茶室に見る文化論と聖路加の可能性

「文学に表れた空間。『万葉集』によく出てくる言葉に「家」と「やど」がある。どちらも住居のことであるが、「公の空間」と「情緒の空間」へとその意味が微妙に分かれていく。二つの流れは日本文化のありようにどう影響したか。」

このような、帯書きがあったので手にとって読んでみたらとても面白かった本のご紹介です。

茶室の建築様式は、当時の反権力、反権威から生まれたのですが、それは、一切の様式を廃した「様式美」をもっています。

センターとペリフェリーでいえば、完全にペリフェリーの文化であり、当時のサブカルチャーはもちろん、カウンターカルチャーを代表するもの、といってもいいでしょう。


しかし、その由来を調べてみると、にじり口などは中国韓国の民家建築、屋根などは東南アジアのジャングルにある民族住居などの特徴を備えているということです。

つまり、単なる安土桃山文化の城郭建築に対するアンチテーゼではなく、予想外に、インターナショナルなのだということに驚かされます。


筆者によると、これを完成させた千利休は、当時の南蛮貿易による文物から、そのヒントを得たのだろうということですが、さらには、遠く西に広がるヨーロッパを意識していただろう、といいます。


この、茶室とヨーロッパがつながりを持っている、というドラスティックともいえる立論がとても面白かったです。

この筆者の方のブログも面白いのでご紹介しますね。リンクを貼っておきます。

都市力と風土力

とまあ、ここで終われば普通の文化論なんですが、もう一押ししてみます。

話をもう少し発展させると、茶室は、実は「教会」なのではないか、という俗説もあるんです。

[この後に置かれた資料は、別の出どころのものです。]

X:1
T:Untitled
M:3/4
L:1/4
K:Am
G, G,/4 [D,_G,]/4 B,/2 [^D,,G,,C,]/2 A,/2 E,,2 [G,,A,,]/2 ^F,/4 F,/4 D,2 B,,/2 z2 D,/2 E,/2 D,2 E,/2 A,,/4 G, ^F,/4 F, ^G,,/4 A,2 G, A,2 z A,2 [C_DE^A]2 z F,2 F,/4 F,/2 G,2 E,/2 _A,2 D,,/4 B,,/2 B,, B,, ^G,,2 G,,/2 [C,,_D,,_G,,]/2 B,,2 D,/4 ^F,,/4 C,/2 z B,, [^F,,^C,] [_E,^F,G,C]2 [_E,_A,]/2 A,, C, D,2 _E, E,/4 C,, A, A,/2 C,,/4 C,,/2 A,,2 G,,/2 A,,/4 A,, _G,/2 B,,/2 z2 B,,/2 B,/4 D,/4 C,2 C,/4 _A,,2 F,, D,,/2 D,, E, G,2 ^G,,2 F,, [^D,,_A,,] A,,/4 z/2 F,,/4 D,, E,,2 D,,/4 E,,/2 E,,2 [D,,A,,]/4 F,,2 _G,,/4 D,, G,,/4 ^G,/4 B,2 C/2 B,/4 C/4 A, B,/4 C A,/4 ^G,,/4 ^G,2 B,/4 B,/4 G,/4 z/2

千利休は、実は、セイント・ルーク(聖ルカ・聖路加)からその名をとったのではないか、利休はキリシタンではないかとする説があるんですね。利休七哲のなかの、蒲生氏郷、古田織部、高山右近はキリシタン大名(蒲生、古田については諸説あり)だし、七哲中の細川忠興の奥さんは細川ガラシャだし、利休の後妻の宗恩も敬虔な信者で、キリシタンが周りに多いんです。

茶室は、ヨーロッパの様式に影響を受けている、と上記の若山さんはおっしゃっていますが、茶の湯の作法そのものが、聖体拝領の儀式をなぞっているのではないか、お茶を回し飲みしたり、茶菓子を食べたり、とても似ている、というのです。茶の湯はミサじゃないか、ということですね。

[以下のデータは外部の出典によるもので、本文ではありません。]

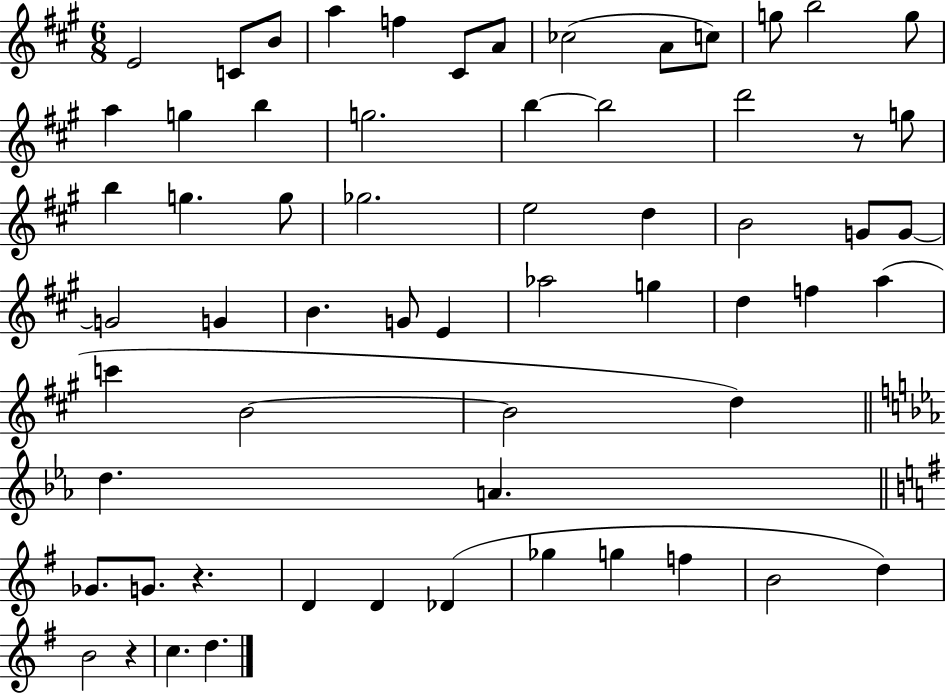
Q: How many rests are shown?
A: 3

突拍子もない話で、そっくりそのまま信じることはできませんが、茶の湯の所作や作法にキリスト教が影響を与えている可能性は全くないとは言えないでしょう。個人的にはキリスト教の影響を受けていると感じます。

キリシタンは切腹できない、だから違う、という人もいます。確かに、千利休は秀吉から切腹させられていますが、本当に自分で切腹したかは不明です。介錯というのがありますから。細川ガラシャも介錯してもらって果てたという話なので、あながち、利休キリシタン説は、全くの荒唐無稽でもないかもしれないですね。